Activity in Britain's manufacturing industry came in shy of expectations as a slowdown in new orders sent output drifting to a three-month low.
The closely watched Markit/CIPS UK Manufacturing purchasing managers' index showed a reading of 54.3 last month, down from 56.3 in May and below economists' forecasts of 56.4.
A reading above 50 indicates growth.
The report pointed to a widespread slackening across the industry, with output and new orders climbing at "milder rates" in the consumer, intermediate and investment goods sectors.
Despite the slowdown, the average rate for the second quarter still reached a three-year high at 55.9.
Rob Dobson, senior economist at IHS Markit, said the industry pushed through the political uncertainty surrounding the Brexit vote and the general election to deliver further growth.
He said: "The main factor driving the broad slowdown in June was a steep easing in the rate of increase in new order intakes.
"New business rose at the weakest pace for nearly a year and growth was down sharply from April's near three-year high.
"This slowdown was largely centred on the domestic market, where increased business uncertainty appears to have led to some delays in placing new contracts.
"Export orders remained disappointingly lacklustre despite the ongoing competitiveness boost of the weak sterling exchange rate."
New orders were struggling to keep pace both at home and abroad, with growth of new export work slipping to a five-month low.
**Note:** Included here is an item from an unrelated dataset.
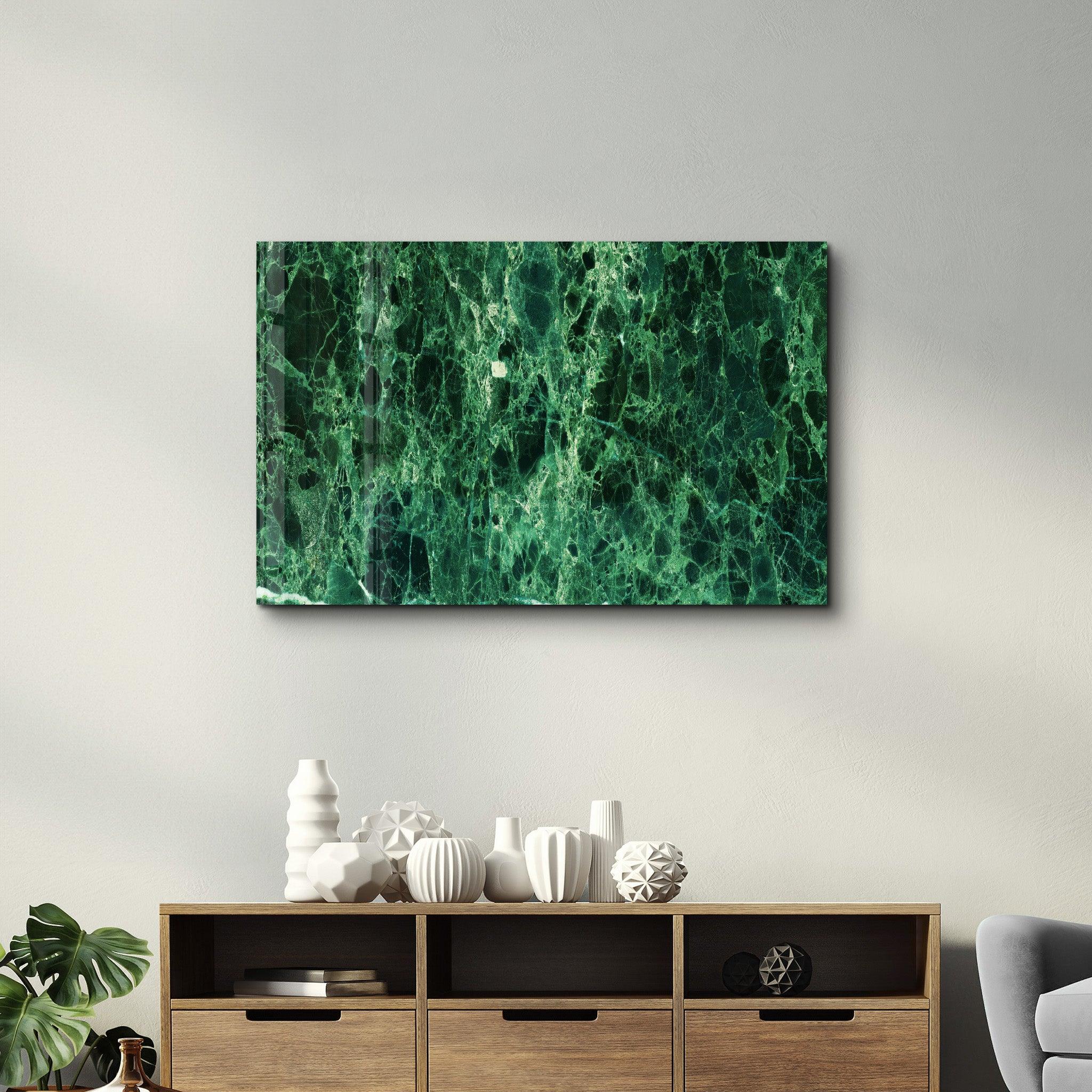 Green Marble | Glass Wall Art - Artdesigna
The choppy political environment was also hanging over the industry, sending positive sentiment to its lowest level for seven months. However, nearly 48% of manufacturers still expect output to be higher by this time next year thanks to increased investment, new product launches and lift from new business.
Howard Archer, chief economic adviser to EY ITEM Club, said the slowdown will add to concerns over the industry.
Increased prices for capital goods and big-ticket consumer durable goods, diminished consumer purchasing power and likely increasing business concerns and uncertainties over the economy and political situation look likely to hamper manufacturers.
On the positive side - despite the disappointing June export orders - the overall substantial weakening of the pound and improved global demand should buoy UK manufacturers competing in foreign markets."